5. The mold management full lifecycle state machine flow method according to claim 4, characterized in that, The lightweight encoder network consists of an input layer, three hidden layers, and an output layer. The input layer receives a unified semantic full-link parameter set. The three hidden layers reduce the parameter dimensions to 64, 32, and 16 dimensions respectively. The output layer outputs a three-dimensional spatial coordinate set. The lightweight encoder network is deployed on an edge computing device to perform online dimensionality reduction mapping on the real-time acquired unified semantic full-link parameter set.
6. The mold management full lifecycle state machine flow method according to claim 5, characterized in that, The normal operation area, light wear area, moderate fatigue area and severe failure area in the three-dimensional topological space are determined by geometric boundaries. The normal operation area is defined as the area where the Euclidean distance of the coordinate point in the three-dimensional spatial coordinate set from the origin is less than the first threshold. The light wear area is defined as the area where the Euclidean distance is greater than or equal to the first threshold and less than the second threshold.
7. The mold management full lifecycle state machine flow method according to claim 6, characterized in that, The cumulative damage state recognition model utilizes a sparse connection learning framework based on dynamic topology reconstruction. During network training, it adaptively adds or removes connection edges according to the statistical distribution of neuron activation patterns. It evaluates connection importance using information theory criteria and implements probabilistic connection pruning. It also introduces grouping regularization constraints on connection weights to maintain the network's expressive power.

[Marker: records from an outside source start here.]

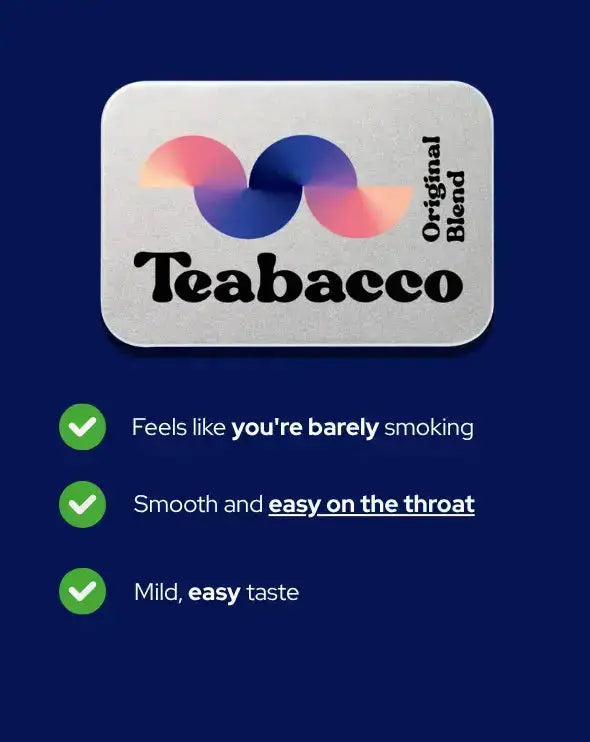 Teabacco Herbal Blend - Teabacco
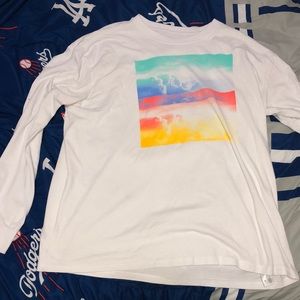 nwot mens long sleeve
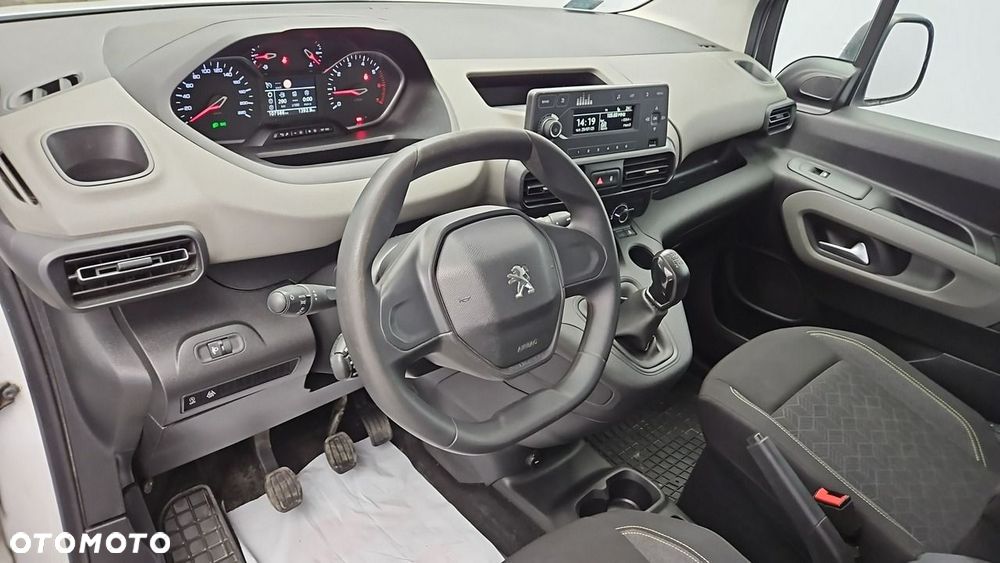 Peugeot Rifter 1.5 BlueHDI Active - 10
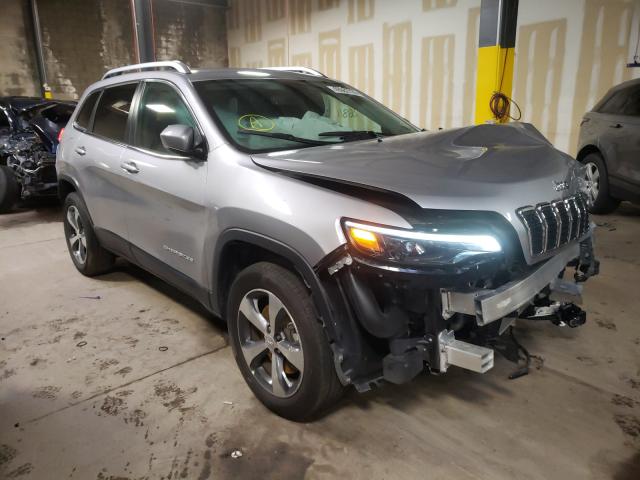 2019 jeep cherokee l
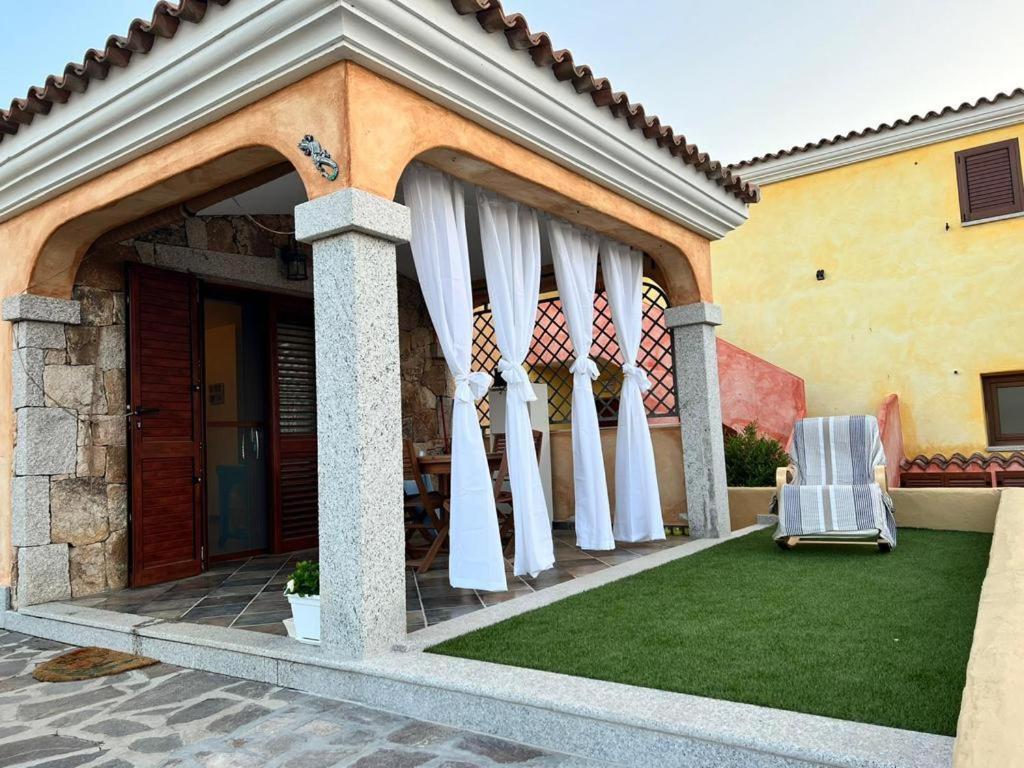 Case Vacanze Budoni Beach Екстериор снимка
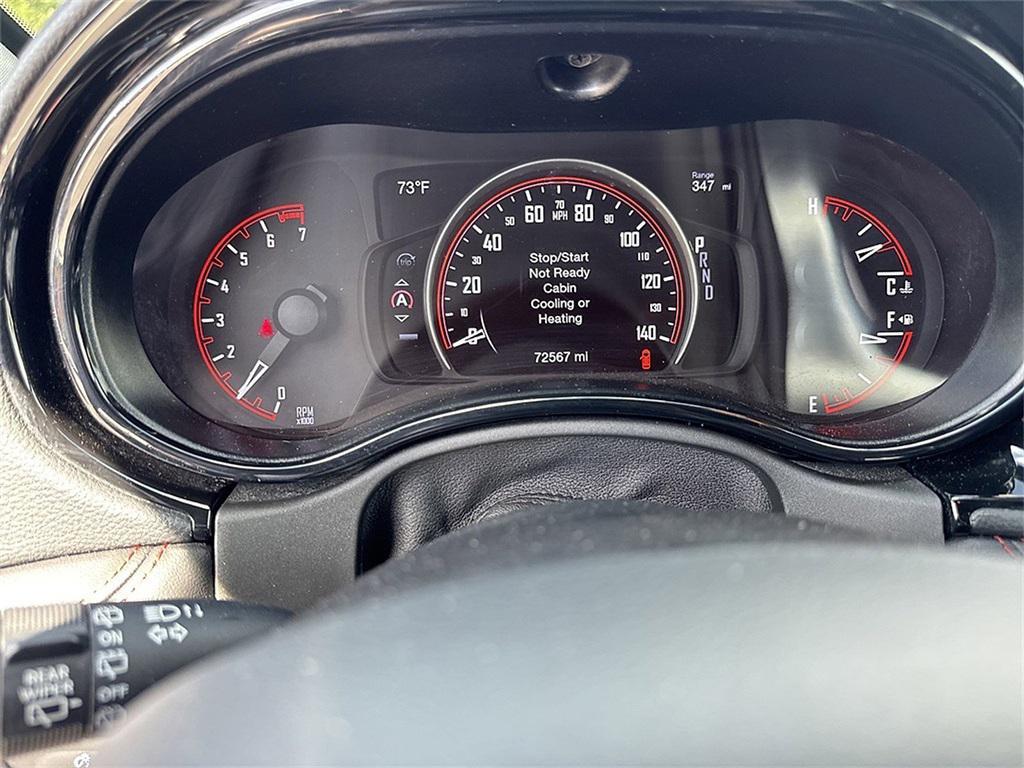 used 2023 Dodge Durango car, priced at $26,293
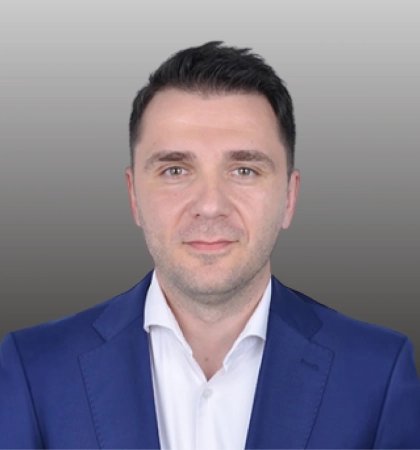 Mr. Alexandru Ionescu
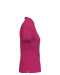 K255 - Piqué-damespolo korte mouwen Fuchsia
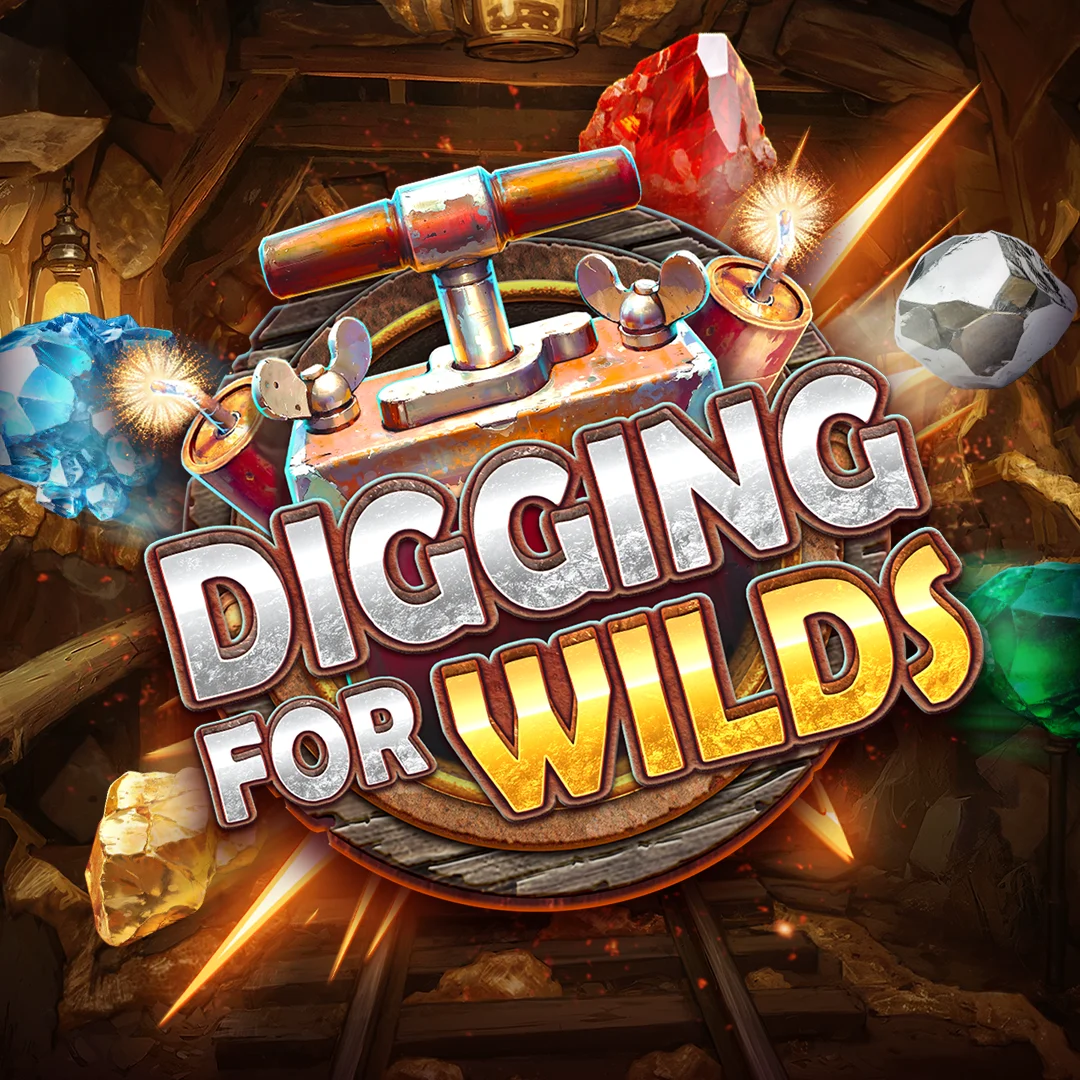 Redtiger : Digging for Wilds - PORTBET88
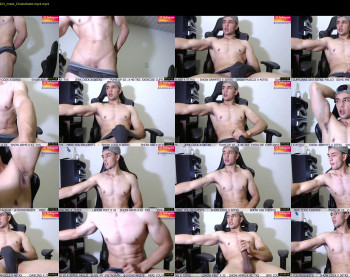 ivanhot279 — 70 minute Chaturbate male cam show recording, 1080p, Nov 25, 2020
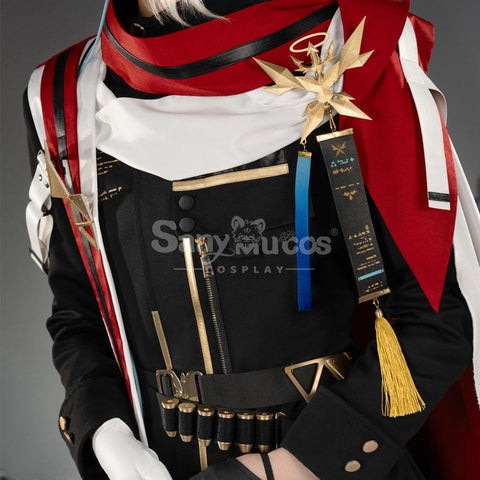 【Pre-Sale】Game Arknights Cosplay Executor the Ex Foedere Cosplay Costume Premium Edition Cosplay Costumes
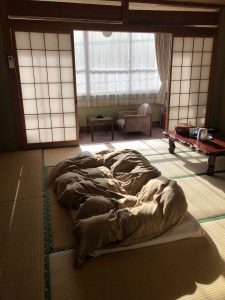 November 30, 2018 - (1) Hotel IMG_8516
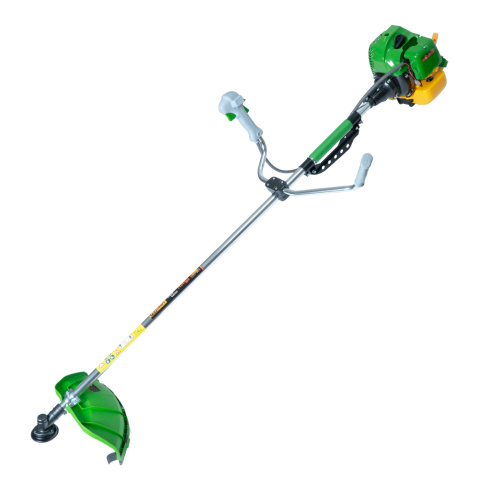 Sada benzínový křovinořez Procraft T4200 Pro, nylonový kartáč MR-14 a ochranný štít | ST4200 PRO/MR-14/1E40F-FG/MP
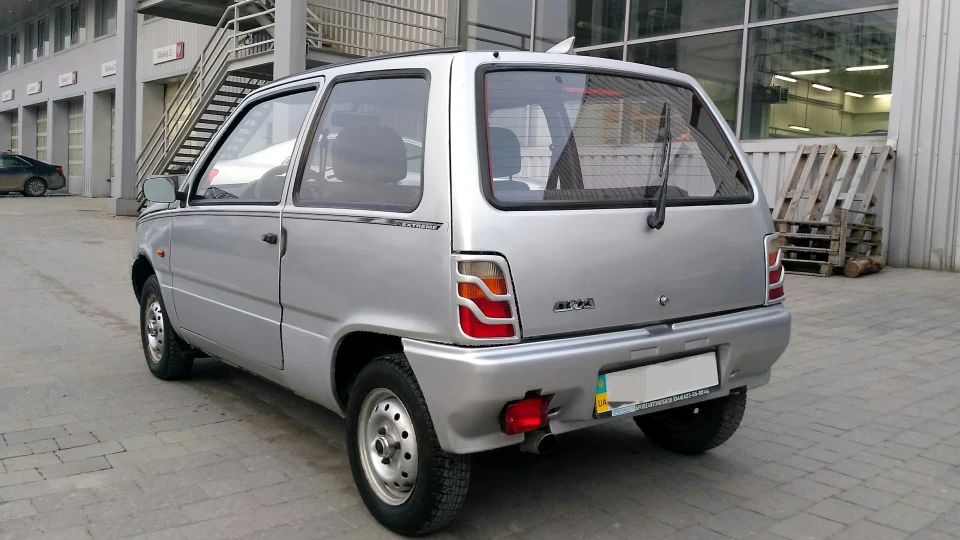 Lada Ока Зозуля 4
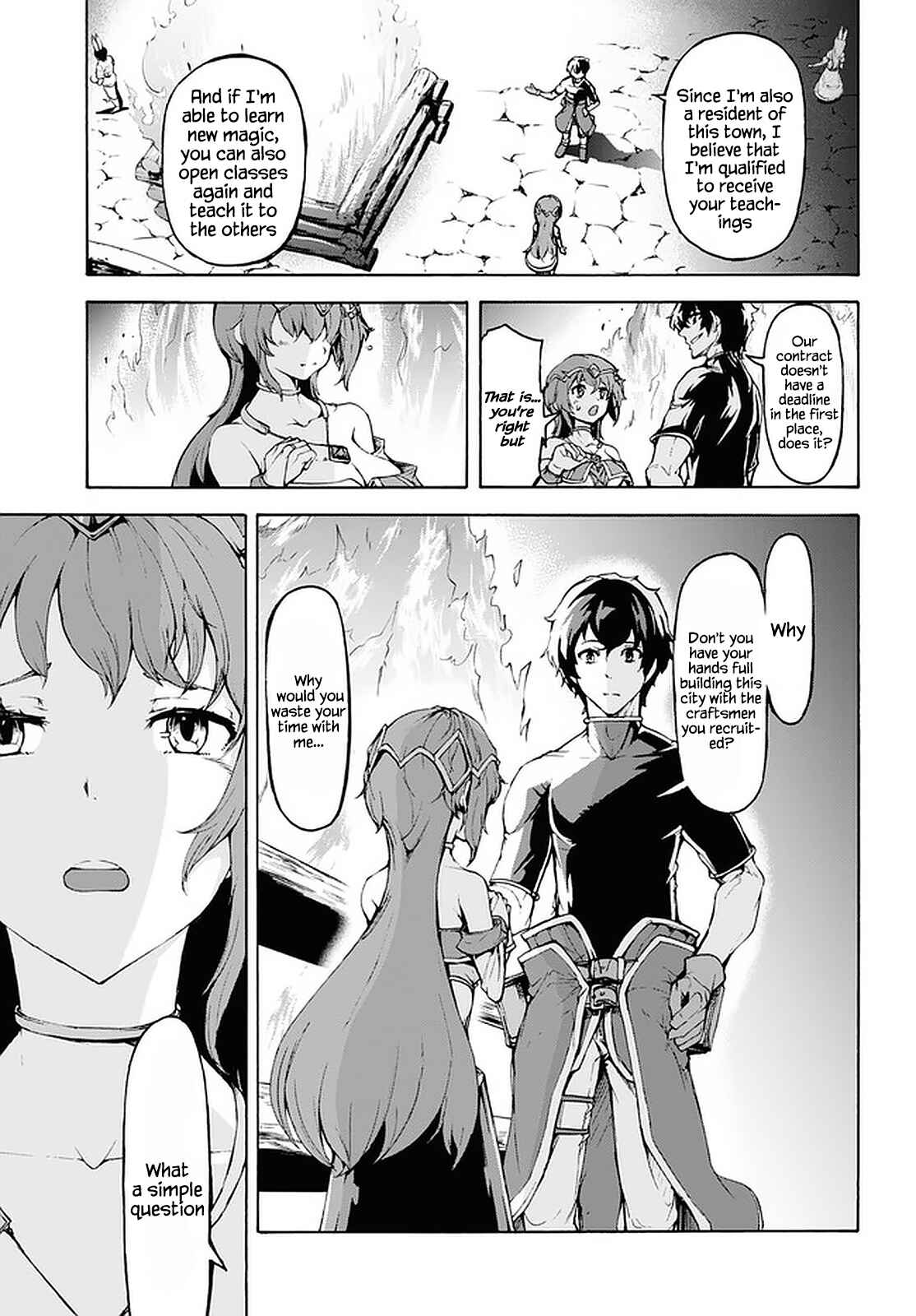 Inaka no Home Center Otoko no Jiyuu na Isekai Seikatsu Chapter 26 - Page 18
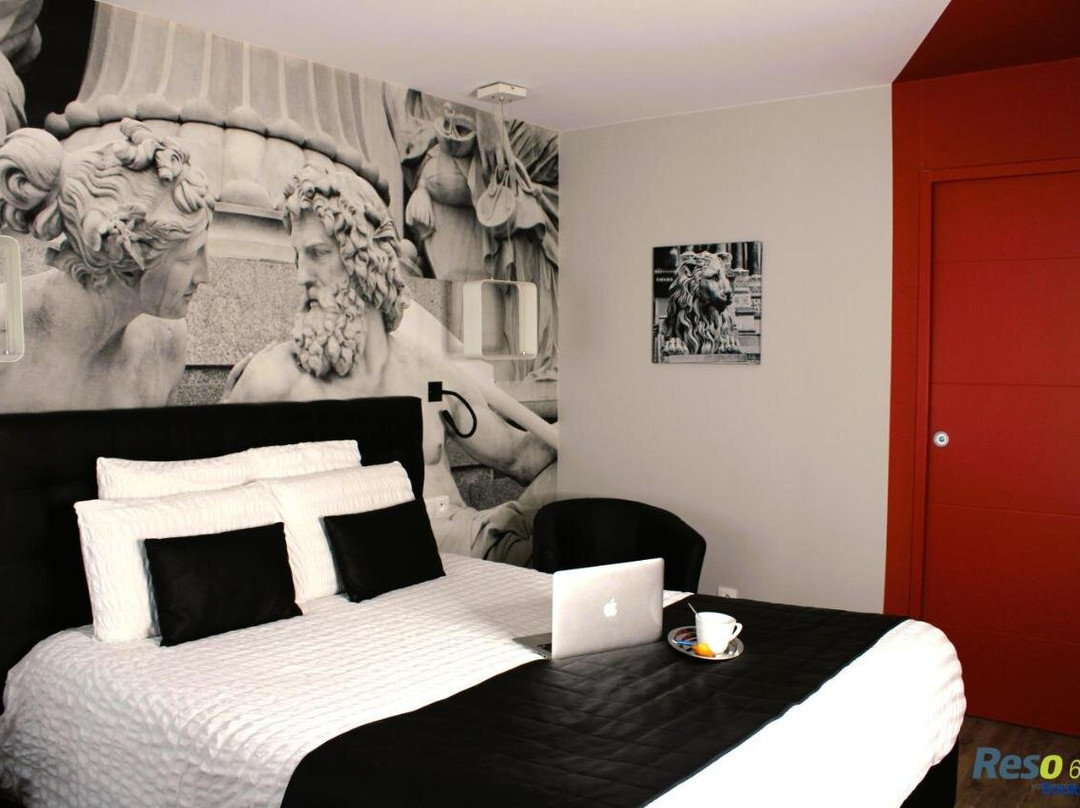 Studios Design by les Béthunoises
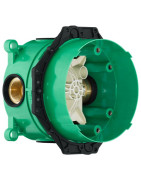 Potinkinė dėžutė Hansgrohe iBox Basic set, universali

8. The mold management full lifecycle state machine flow method according to claim 7, characterized in that, The cumulative damage state recognition model is a cascaded combination of an input layer, a long short-term memory (LSTM) layer, a sparse connection layer, a Bayesian inference layer, and an output layer. The LSTM layer contains 128 LSTM units, each with an input gate, a forget gate, and an output gate. The LSTM layer compresses the cumulative damage features in the historical state sequence into a 64-dimensional latent variable vector.
9. The mold management full lifecycle state machine flow method according to claim 8, characterized in that, The sparse connection layer receives a 64-dimensional latent variable vector and a three-dimensional spatial coordinate set. During training, the importance score of each connection edge is calculated based on the statistical distribution of neuron activation frequency. When the importance score of a connection edge is lower than a dynamic threshold, the connection edge is pruned and removed. When the prediction error of a certain region continues to increase, new connection edges are added between the neurons corresponding to the region.
10. The mold management full lifecycle state machine flow method according to claim 9, characterized in that, The connection weights of the sparse connection layer are grouped according to the functional group to which the neurons belong, and an application is made to the connection weights of each group. Regularization constraints ensure that the connection weights within the same functional group maintain a similar numerical range. The Bayesian inference layer calculates the posterior probability of the current state belonging to each region using the Bayesian formula and selects the region type with the highest posterior probability as the label of the current state.